The last thing I want to say about the way to the depth concerns one of these paradoxes. The end of the way is joy. And joy is deeper than suffering. It is ultimate. Let me express this in the words of a man who, in passionate striving for the depth, was caught by destructive forces and did not know the word to conquer them. Friedrich Nietzsche writes: "The world is deep, and deeper than the day could read. Deep is its woe. Joy deeper still than grief can be. Woe says: Hence, go! But joys want all eternity, want deep, profound eternity"

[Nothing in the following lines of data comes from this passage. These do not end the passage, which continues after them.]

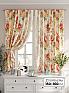 Комплект штор «Ролеорс - 175» | фото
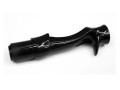 Fuji-PTS-MPK17-Black-Gloss.jpg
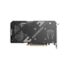 Placa De Vídeo Zotac Rtx 5060 Twin Edge Oc  8gb Gddr7 128 Bit Dlss4 Ray Tracing Zt-b50600h-10m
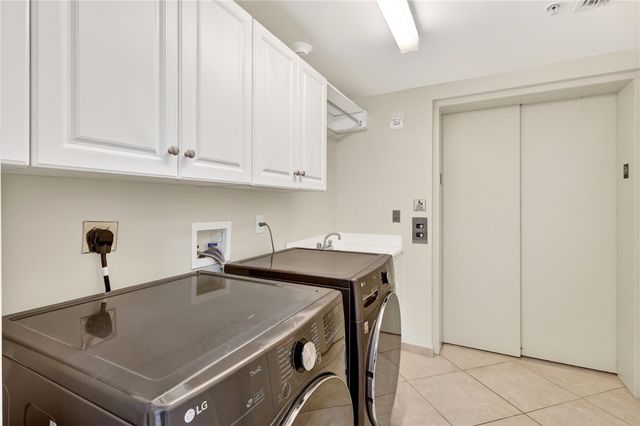 4330 N Highway A1a None 602N, Hutchinson Island, FL 34949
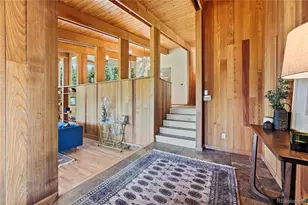 32042 Horseshoe Dr, Evergreen, CO 80439 - Photo 11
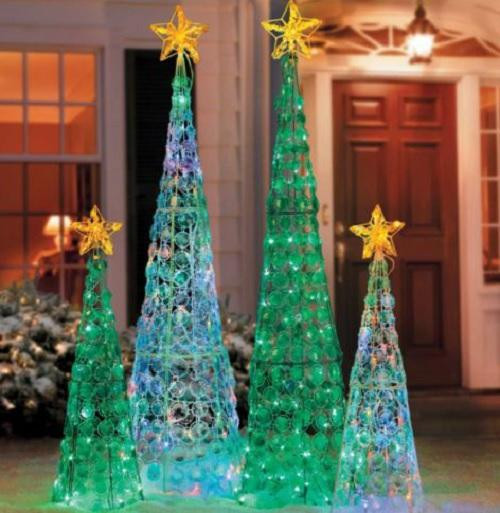 30 Inspiring Ebay Christmas Decorations Outdoor Home, Family, Style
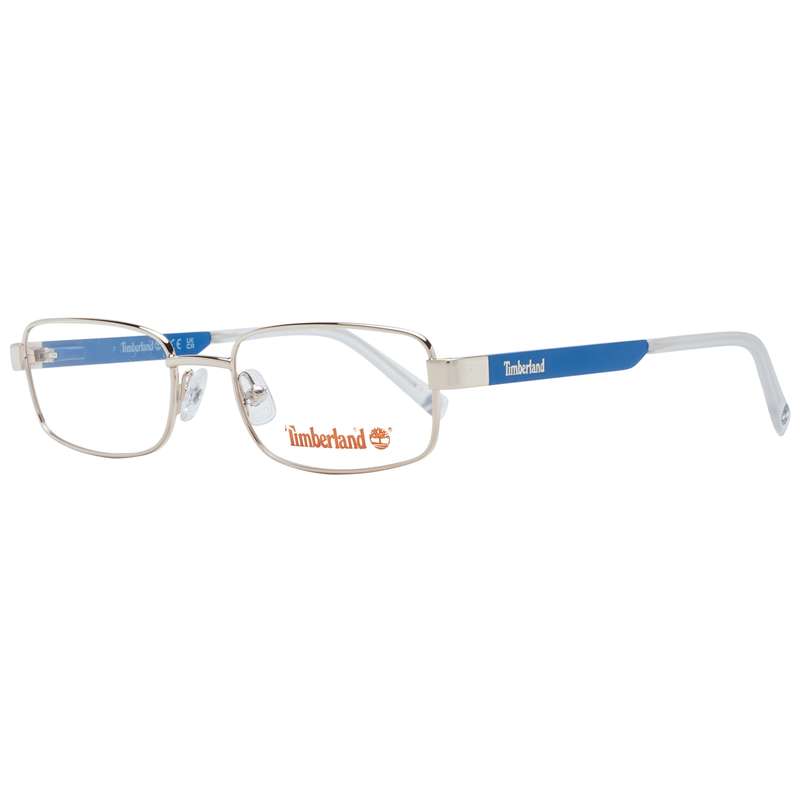 Timberland Tb1828 49032 (TB1828 49032) Unisex EYEWEAR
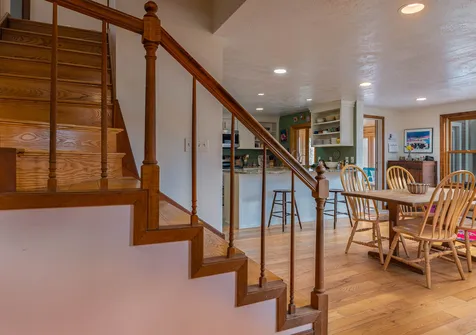 15 Moharimet Drive Madbury NH 03823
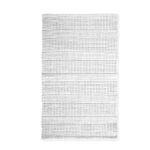 Χαλάκι Μπάνιου Delight 40x60  Nef Nef Homeware  WHITE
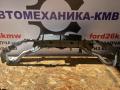 передняя панель крепления облицовки (телевизор) Ford Focus 3 поколение CB4 2013, 1.6 л., PNDA, бензин, 5МКПП, хетчбэк 5 дв., BM51-8B041B - фото №5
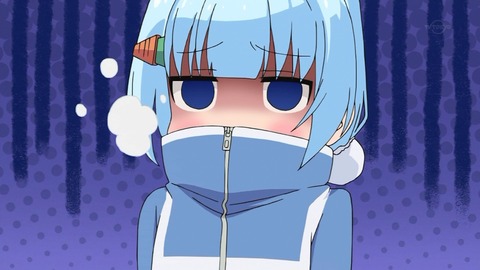318
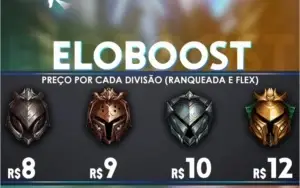 ELOJOB RUNNING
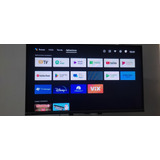 Smart Tv Hyundai 32  - S.o Android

Eternal joy is the end of the ways of God. This is the message of all religions. The Kingdom of God is peace and joy. This is the message of Christianity. But eternal joy is not to be reached by living on the surface. It is rather attained by breaking through the surface, by penetrating the deep things of ourselves, of our world, and of God. The moment in which we reach the last depth of our lives is the moment in which we can experience the joy that has eternity within it, the hope that cannot be destroyed, and the truth on which life and death are built. For in the depth is truth; and in the depth is hope; and in the depth is joy.